Da ist zum Beispiel „Ein Entwurf“, die Geschichte über den jungen Sven, der mit dem Leben nicht klar kommt und auf einen Selbstmord zutreibt: Der Erzähler liegt im Krankenhaus neben dem Schriftsteller Fred Haller und wird Ohrenzeuge, wie Haller seiner heftig weinenden Gattin Anja den Entwurf für die traurige Geschichte des unglücklichen jungen Mannes vorliest, der bei einer Schiffstour in den Fluten versinkt. Der Ohrenzeuge hält die Geschichte für wahr und autobiografisch. Doch auf seine Frage: „War es so? Ist Sven ertrunken?“, antwortet der Autor: „Unser Sven ist bei der Geburt gestorben.“ Die Literatur ist eben mehr als Abbild und Beschreibung der Realität, sondern deren Überwindung und Veränderung.

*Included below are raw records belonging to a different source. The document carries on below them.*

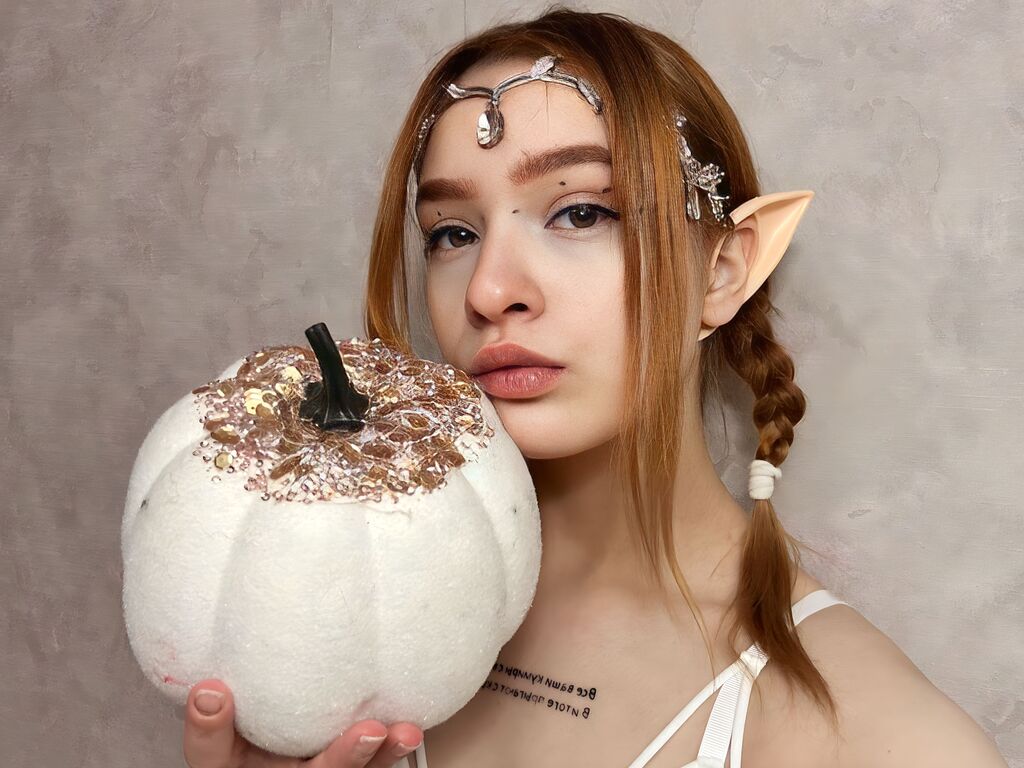 JiaLeen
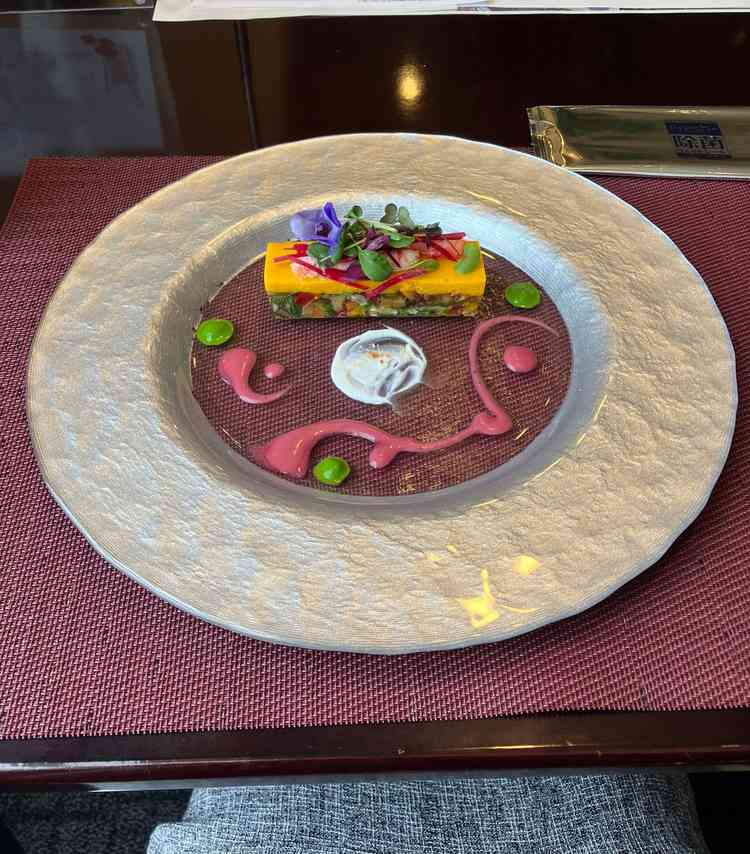 前菜の試食。野菜の色が鮮やか。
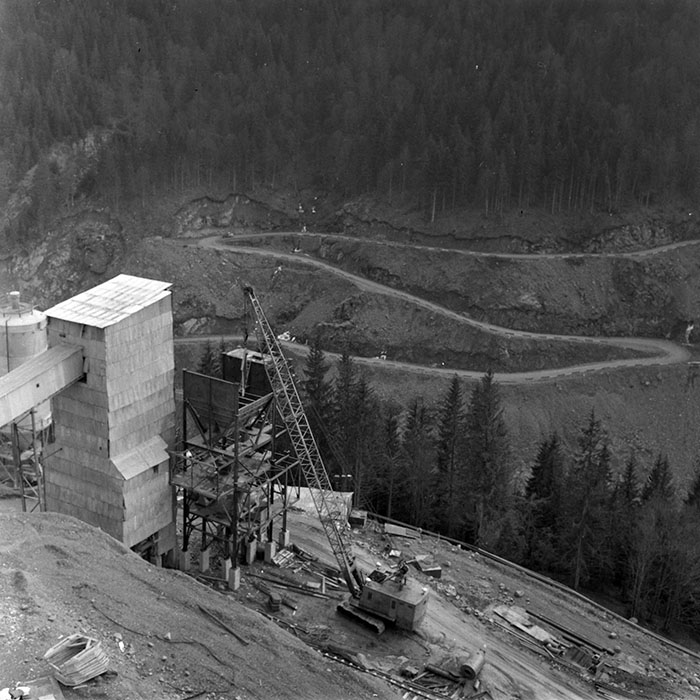 minerva_1986_c2_c10r4_005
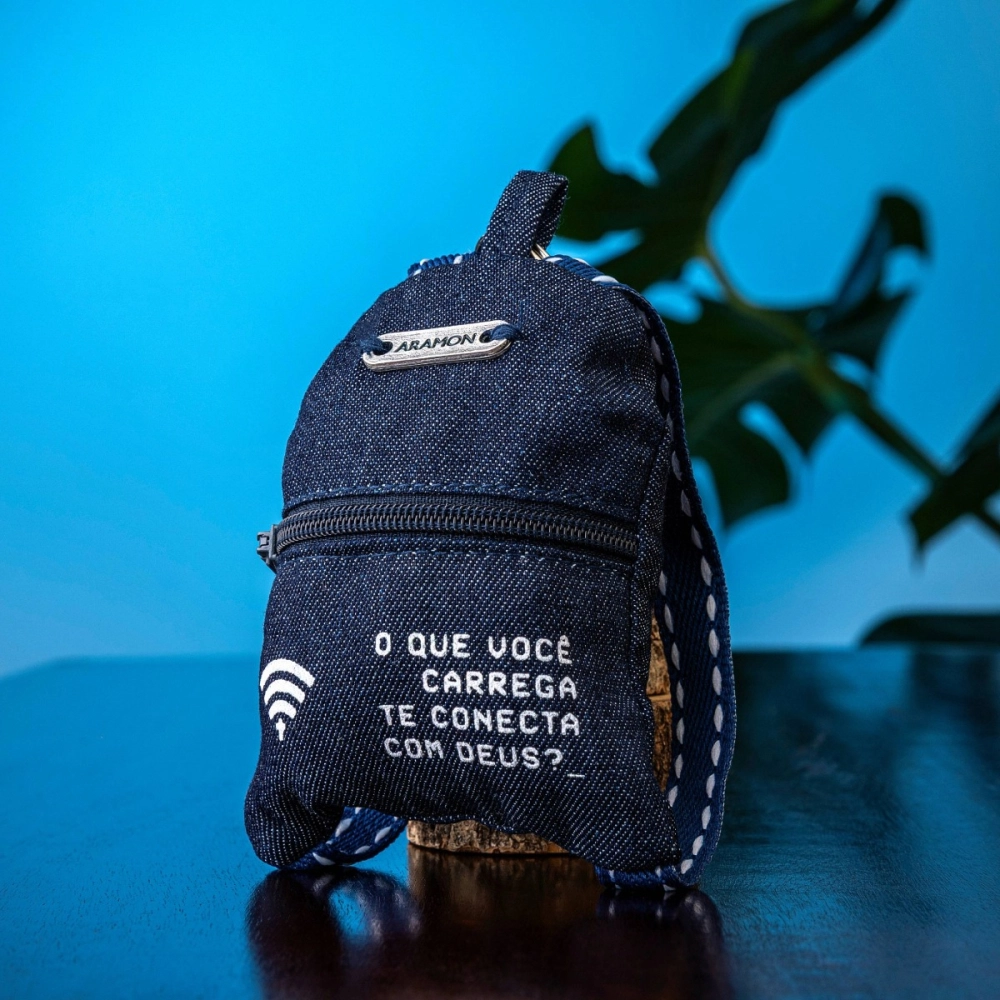 Terço Carlo Acutis Cristal Vidro com Mochila Wifi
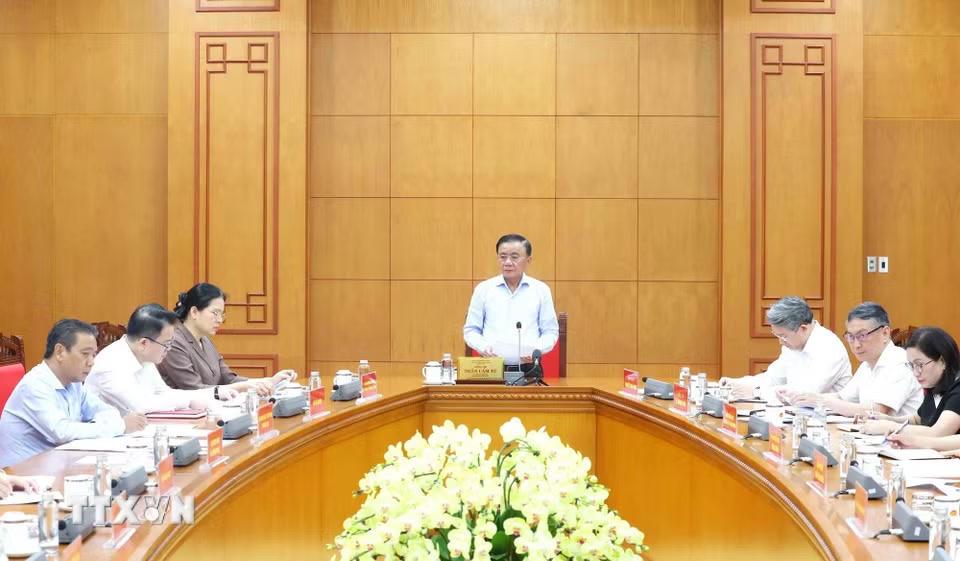 Thường trực Ban Bí thư Trần Cẩm Tú phát biểu chỉ đạo cuộc họp. (Ảnh: Phương Hoa/TTXVN)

Siegfried Lenz: Die Maske. Erzählungen. Hoffmann und Campe, Hamburg 2011, 123 S., 17,99 Euro.

Infos:
+ Siegfried Lenz, geboren am 17. März 1926 im ostpreußischen Lyck, zählt zu den bedeutenden und meistgelesenen Schriftstellern der Nachkriegs- und Gegenwartsliteratur.
+ Seine Werke werden in viele Sprachen übersetzt, sind oftmals verfilmt worden und haben mittlerweile eine Auflage von rund 30 Millionen Exemplaren.
+ Wichtige Bücher: „Es waren Habichte in der Luft“ (1951), „So zärtlich war Suleyken“ (1955), „Der Mann im Strom“ (1957), „“Deutschstunde“ (1968), „Heimatmuseum“ (1978), „Exerzierplatz“ (1985), „Fundbüro“ (2003), „Schweigeminute“ (2008).
+ Siegfried Lenz hat viele wichtige Preise erhalten, u. a. den Goethe-Preis, den Friedenspreis des Deutschen Buchhandels, den Lew-Kopelew-Preis.